Mi sono perso i primi giorni del festival. In compenso quest'anno sto a Sant'Elena, che è una specie di eremo malinconico, immagine compiuta dell'autunno - io penso che se esiste un luogo, uno spazio, con le sue superfici, i suoi miasmi, i suoi riflessi lunari, che incarni il tempo, l'autunno in modo pieno, istantaneo, quello è Sant'Elena - dove si ha nostalgia di ogni cosa e già scricchiola l'ossame, il giallo carcame delle foglie sotto le suole e nei sobbalzi del vento: sulle panchine, tra i muschi vegetanti nei pori, nei nidi già marci del legno e il barbaglio degli attracchi, lo stridio del silenzio trama segretamente col rantolo macabro dei fantasmi vaganti al vento, e allora si sente un oscuro presagio d'eternità, cioè di precarietà, che rimbomba tra i muri e le barche ammorrate.

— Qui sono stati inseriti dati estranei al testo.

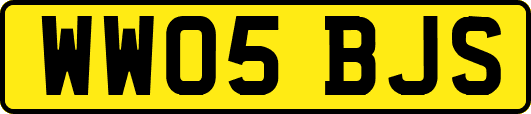 WW05BJS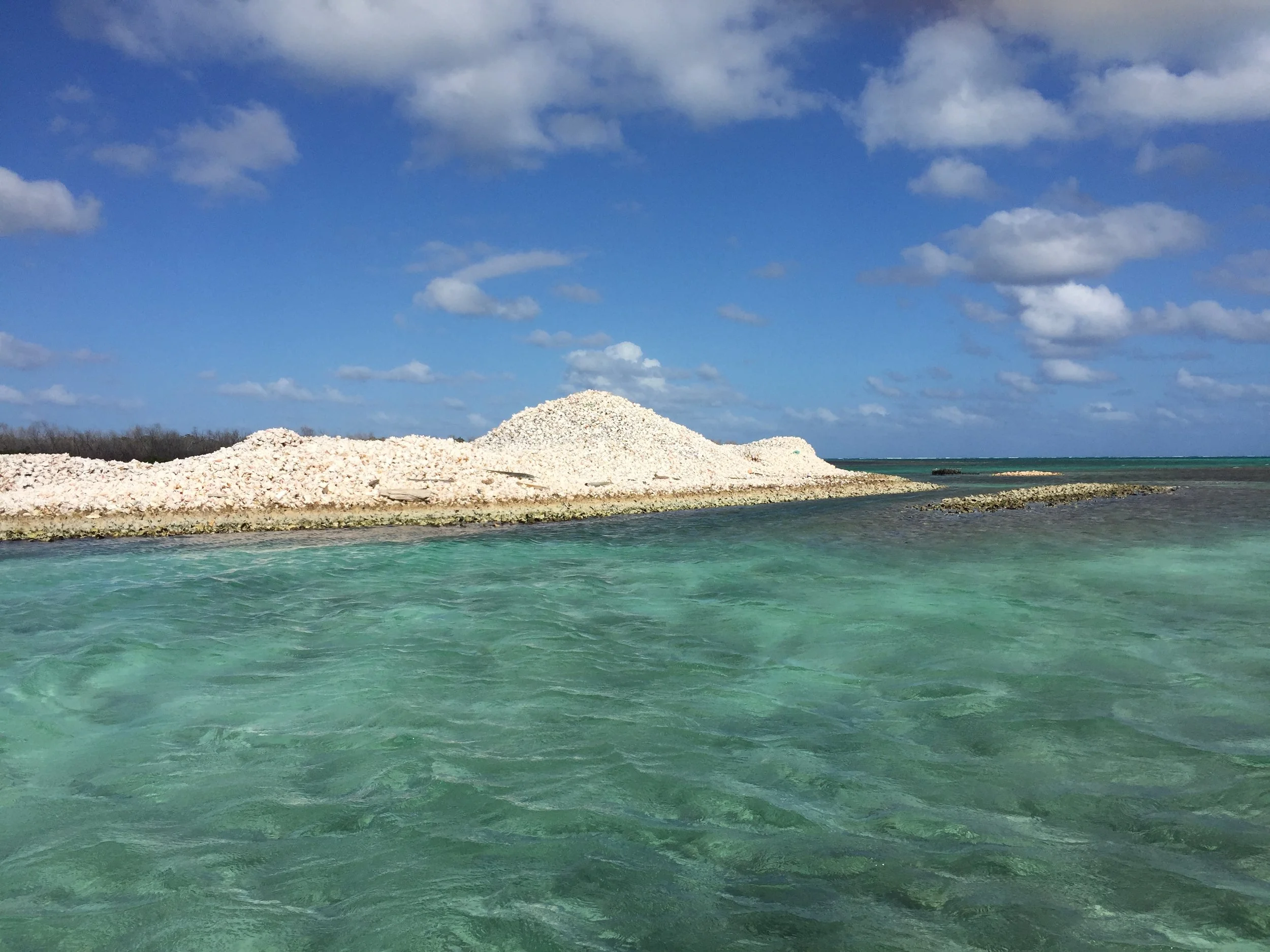 Conch Island on Anegada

Poco male per Spencer di Larrain che dopo il magnifico Ema è tornato ai suoi personaggi famosi, famosi per essere ottusi, mortiferi, semplice, livido carname nelle mani della Storia, come quello accatastato, letteralmente accatastato in Post Mortem anni fa. Perciò se un giorno vorrò documentarmi o fantasticare su Lady Diana, così come su Jacqueline Kennedy, cercherò i numeri arretrati di Novella 2000, quando invece Ema proletaria, intelligente, anzi il suo corpo, la sua pelle che essudavano un'intelligenza tutta istintiva, era specchio del nostro tempo.

Il paradiso del pavone di Laura Bispuri (in "Orizzonti") è la messa in scena di una famiglia piccolo borghese italiana, con in più l'esotismo di una capofamiglia francofona e di un pavone che razzola in sala da pranzo: film anodino, modesto, in cui circola un'aria cisposa, appiccicosa e un'umanità gretta; anzi la rappresentazione è anche a suo modo coerente, ma è proprio il presupposto di questo cinema che manca di interese. Anche solo Vergine giurata era un'altra cosa.

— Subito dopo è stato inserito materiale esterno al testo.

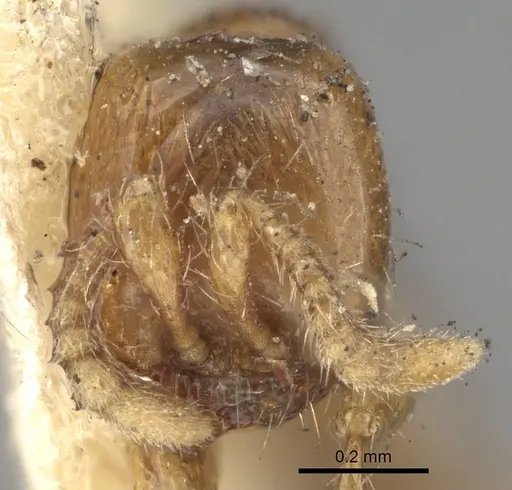 Aenictus piercei specimen CASENT0281961 image casent0281961_2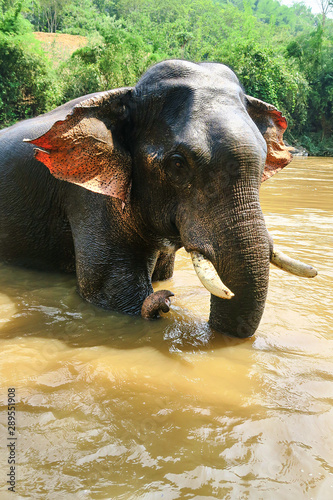 Asian Elephant in a river taking a bath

Ma poi c'è stata Ariaferma di Leonardo Di Costanzo, film straordinario, fuori concorso (e non se ne capisce il motivo) che lascerà un'impronta profonda nella stagione cinematografica appena iniziata. Certo: film di grande recitazione, con Servillo e Orlando che tengono la scena, ma non la ingombrano e in cui allora si affacciano altri attori in stato di grazia; ma al di là di queste questioni, come dire, extra-testuali, quello che emerge da quest'opera eccezionale è una dimensione quasi metafisica, risvolto ideale del contesto tutto concreto in cui personaggi peculiari si muovono, stanno all'erta, giocano la loro partita provocandosi, scontrandosi, alla fine fors'anche amandosi nell'unico modo in cui potrebbero, cioè perdendosi tra i muri, le sbarre, le stanze scalcinate del carcere, che evaporano con l'evaporare delle immagini. Ecco è quest'amore, per i suoi personaggi innanzitutto, che manca quasi sempre a Larrain e che invece è sempre presente in Di Costanzo, tanto da impregnare i muri, la vegetazione, le periferie e ogni piccola fibra del suo cinema.